## MATERIAL SHOWN
──────

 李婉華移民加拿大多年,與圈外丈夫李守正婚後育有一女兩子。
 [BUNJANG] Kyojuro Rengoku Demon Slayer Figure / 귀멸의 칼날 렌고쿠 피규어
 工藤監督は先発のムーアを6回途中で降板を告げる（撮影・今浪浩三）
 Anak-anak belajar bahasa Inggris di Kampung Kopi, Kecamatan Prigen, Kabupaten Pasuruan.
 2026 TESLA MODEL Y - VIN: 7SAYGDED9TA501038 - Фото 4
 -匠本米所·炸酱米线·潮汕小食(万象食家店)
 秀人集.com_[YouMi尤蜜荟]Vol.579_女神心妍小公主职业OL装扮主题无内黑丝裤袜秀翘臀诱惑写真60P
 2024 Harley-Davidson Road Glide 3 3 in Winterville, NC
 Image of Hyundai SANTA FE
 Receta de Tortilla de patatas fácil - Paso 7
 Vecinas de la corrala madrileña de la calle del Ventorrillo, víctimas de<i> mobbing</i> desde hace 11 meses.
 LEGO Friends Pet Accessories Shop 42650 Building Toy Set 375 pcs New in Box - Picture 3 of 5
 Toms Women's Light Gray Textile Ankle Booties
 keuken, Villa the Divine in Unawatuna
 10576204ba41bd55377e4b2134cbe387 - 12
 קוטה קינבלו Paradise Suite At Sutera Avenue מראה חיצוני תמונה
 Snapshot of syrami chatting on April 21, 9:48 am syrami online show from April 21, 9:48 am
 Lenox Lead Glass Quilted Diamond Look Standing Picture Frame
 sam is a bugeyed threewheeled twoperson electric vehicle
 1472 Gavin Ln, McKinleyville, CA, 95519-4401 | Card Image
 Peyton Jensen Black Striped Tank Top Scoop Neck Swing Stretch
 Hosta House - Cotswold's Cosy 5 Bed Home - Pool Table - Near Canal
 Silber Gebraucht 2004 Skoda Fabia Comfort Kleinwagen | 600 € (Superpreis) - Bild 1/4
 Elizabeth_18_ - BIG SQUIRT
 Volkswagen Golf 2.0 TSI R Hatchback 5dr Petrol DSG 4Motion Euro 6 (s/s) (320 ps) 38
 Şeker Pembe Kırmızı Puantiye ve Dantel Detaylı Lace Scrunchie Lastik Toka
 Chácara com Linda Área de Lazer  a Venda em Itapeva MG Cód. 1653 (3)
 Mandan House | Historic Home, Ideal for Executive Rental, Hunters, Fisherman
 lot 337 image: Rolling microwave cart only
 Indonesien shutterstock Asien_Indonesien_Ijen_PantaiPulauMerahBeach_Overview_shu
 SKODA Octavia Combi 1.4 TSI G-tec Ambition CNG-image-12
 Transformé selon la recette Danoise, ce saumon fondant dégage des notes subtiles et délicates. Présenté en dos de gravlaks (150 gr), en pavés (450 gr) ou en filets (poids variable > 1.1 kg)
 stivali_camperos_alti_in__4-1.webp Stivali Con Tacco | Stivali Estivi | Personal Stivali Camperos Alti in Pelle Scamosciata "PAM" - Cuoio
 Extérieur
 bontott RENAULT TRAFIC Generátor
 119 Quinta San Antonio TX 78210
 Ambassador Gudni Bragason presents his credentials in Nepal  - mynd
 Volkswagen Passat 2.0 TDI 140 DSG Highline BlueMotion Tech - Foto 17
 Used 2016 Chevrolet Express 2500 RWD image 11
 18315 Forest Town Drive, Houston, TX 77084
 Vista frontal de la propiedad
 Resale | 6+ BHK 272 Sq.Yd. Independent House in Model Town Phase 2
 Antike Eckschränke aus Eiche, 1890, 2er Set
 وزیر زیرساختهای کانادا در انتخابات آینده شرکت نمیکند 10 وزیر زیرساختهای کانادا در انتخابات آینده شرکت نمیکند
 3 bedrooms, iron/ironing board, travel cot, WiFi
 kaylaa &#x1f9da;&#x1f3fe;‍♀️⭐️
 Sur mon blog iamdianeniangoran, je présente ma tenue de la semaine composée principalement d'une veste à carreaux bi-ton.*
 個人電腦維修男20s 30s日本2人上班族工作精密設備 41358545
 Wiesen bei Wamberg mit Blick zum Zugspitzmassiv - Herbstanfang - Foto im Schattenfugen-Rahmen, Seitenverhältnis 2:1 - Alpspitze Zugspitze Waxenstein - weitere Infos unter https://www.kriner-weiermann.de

──────

## REQUIRED WORK
All that is wanted is a faithful reproduction of the line above with "Toms Women's Light", the line with "Şeker Pembe Kırmızı", and every line in between.

## RESPONSE BOX
 Toms Women's Light Gray Textile Ankle Booties
 keuken, Villa the Divine in Unawatuna
 10576204ba41bd55377e4b2134cbe387 - 12
 קוטה קינבלו Paradise Suite At Sutera Avenue מראה חיצוני תמונה
 Snapshot of syrami chatting on April 21, 9:48 am syrami online show from April 21, 9:48 am
 Lenox Lead Glass Quilted Diamond Look Standing Picture Frame
 sam is a bugeyed threewheeled twoperson electric vehicle
 1472 Gavin Ln, McKinleyville, CA, 95519-4401 | Card Image
 Peyton Jensen Black Striped Tank Top Scoop Neck Swing Stretch
 Hosta House - Cotswold's Cosy 5 Bed Home - Pool Table - Near Canal
 Silber Gebraucht 2004 Skoda Fabia Comfort Kleinwagen | 600 € (Superpreis) - Bild 1/4
 Elizabeth_18_ - BIG SQUIRT
 Volkswagen Golf 2.0 TSI R Hatchback 5dr Petrol DSG 4Motion Euro 6 (s/s) (320 ps) 38
 Şeker Pembe Kırmızı Puantiye ve Dantel Detaylı Lace Scrunchie Lastik Toka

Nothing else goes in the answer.